(Short text fragments from websites)
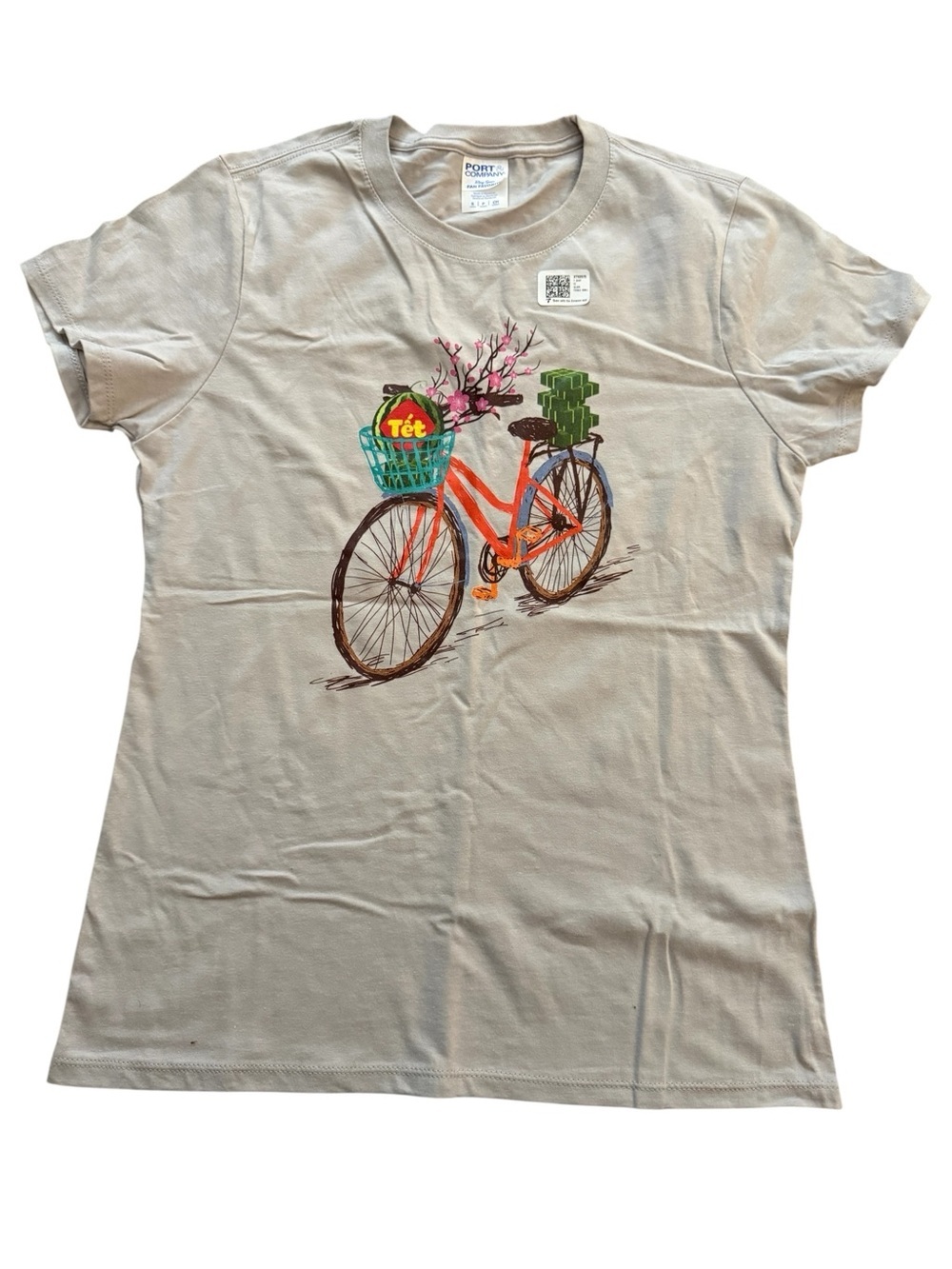 Port & Company Tet Bicycle Graphic Tee Small Cottagecore Art Tee - Picture 2 of 6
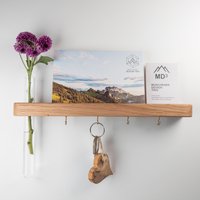 Bilderleiste Personalisierbar - Wandregal Holz Schlüsselbrett Ablage Eiche Organizer Wandvase Wanddekor Deko Schlüsselhalter von MuenchenerDesignTrio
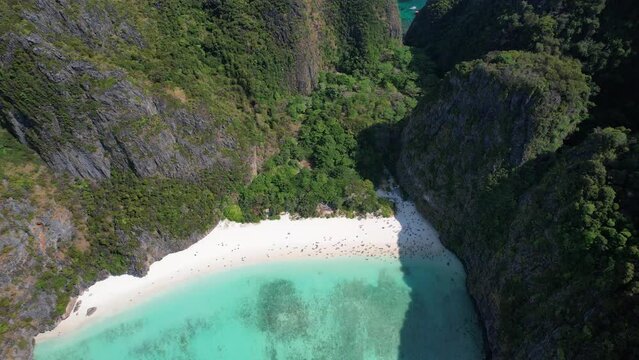 Aerial view of Maya bay beach in koh Phi Phi Leh, Krabi, Thailand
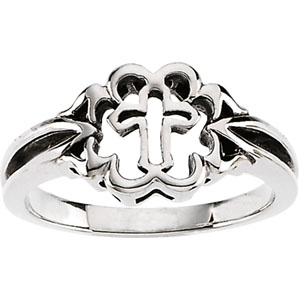 14K White Gold Cross Chastity Ring® - Click Image to Close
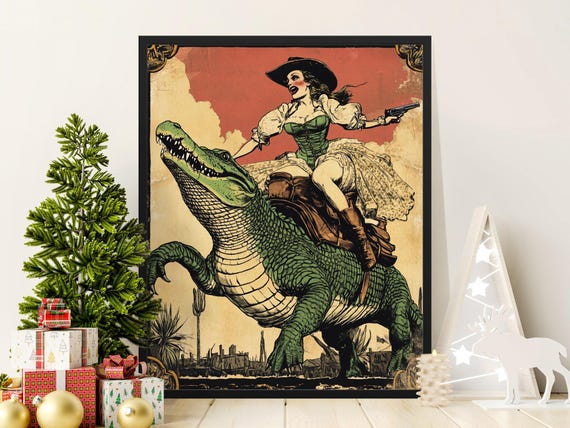 Vintage Western Cowgirl Riding Alligator Poster Unique Wild West Art Animal Adventure Wall Decor Print Steampunk Fantasy Artwork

WORK TO COMPLETE
Return all records verbatim and drop the pictures.

RESPONSE TO THIS TASK
 Port & Company Tet Bicycle Graphic Tee Small Cottagecore Art Tee - Picture 2 of 6
 Bilderleiste Personalisierbar - Wandregal Holz Schlüsselbrett Ablage Eiche Organizer Wandvase Wanddekor Deko Schlüsselhalter von MuenchenerDesignTrio
 Aerial view of Maya bay beach in koh Phi Phi Leh, Krabi, Thailand
 14K White Gold Cross Chastity Ring® - Click Image to Close
 Vintage Western Cowgirl Riding Alligator Poster Unique Wild West Art Animal Adventure Wall Decor Print Steampunk Fantasy Artwork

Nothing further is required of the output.